De plus, la porosité des frontières aussi bien que la coordination entre un grand nombre d’agences chargées de la sécurité aux frontières posent de grands problèmes où la stratégie vise à attirer graduellement les utilisateurs du système informel vers le réseau formel et ainsi isoler les éléments criminels pour mieux les cibler tout en diminuant les dommages collatéraux pour les utilisateurs légitimes.

En conclusion, il ne faut jamais oublier, face aux nouvelles tensions géostratégiques, le lien dialectique entre sécurité et le développement , de la responsabilité du gouvernement, supposant une bonne gouvernance et un large front national mobilisant toutes les forces vives de la Nation.

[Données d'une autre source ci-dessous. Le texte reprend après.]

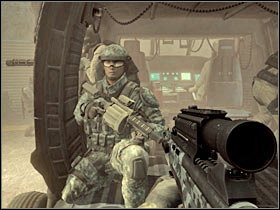 8 - Act 3 / Mission 2 - part 6 - Act 3 - Ghost Recon: Advanced Warfighter 2 - Game Guide and Walkthrough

Le poids d’une nation en ce XXIème siècle se mesurant à son poids économique, (l’expérience récente de la Chine). Des stratégies d’adaptation qui interpellent tant l’Algérie acteur stratégique du sous-continent de l’Afrique du Nord et plus globalement l’Afrique. C’est que la résolution de ce mal implique de s’attaquer à l’essence (un co-développement) et non aux apparences comme le montre une étude du Forum économique mondial – WEF- qui révèle que fortement secoués depuis deux ans par des crises politiques à répétition, les pays d’Afrique du Nord, sont à l’aube d’une crise majeure et sont une source d’inquiétude, ces pays traversant une crise morale du fait du manque de valeurs au niveau du leadership. Le fossé entre les riches et les pauvres devient de plus en plus grand et tandis que l’écart de revenus renforce les inégalités en matière de richesse, l’éducation, la santé et la mobilité sociale sont toutes menacées. L’étude met en garde contre les conséquences pernicieuses du chômage: «une génération qui commence sa carrière dans un désespoir complet sera plus enclin aux politiques populistes qui à terme accélère la crise . Le rapport considère qu’il y a risque dans les années à venir où la région (Mena, Proche-Orient et Afrique du Nord) est à l’orée d’une période d’incertitude croissance, aux racines ancrées dans la polarisation de la société.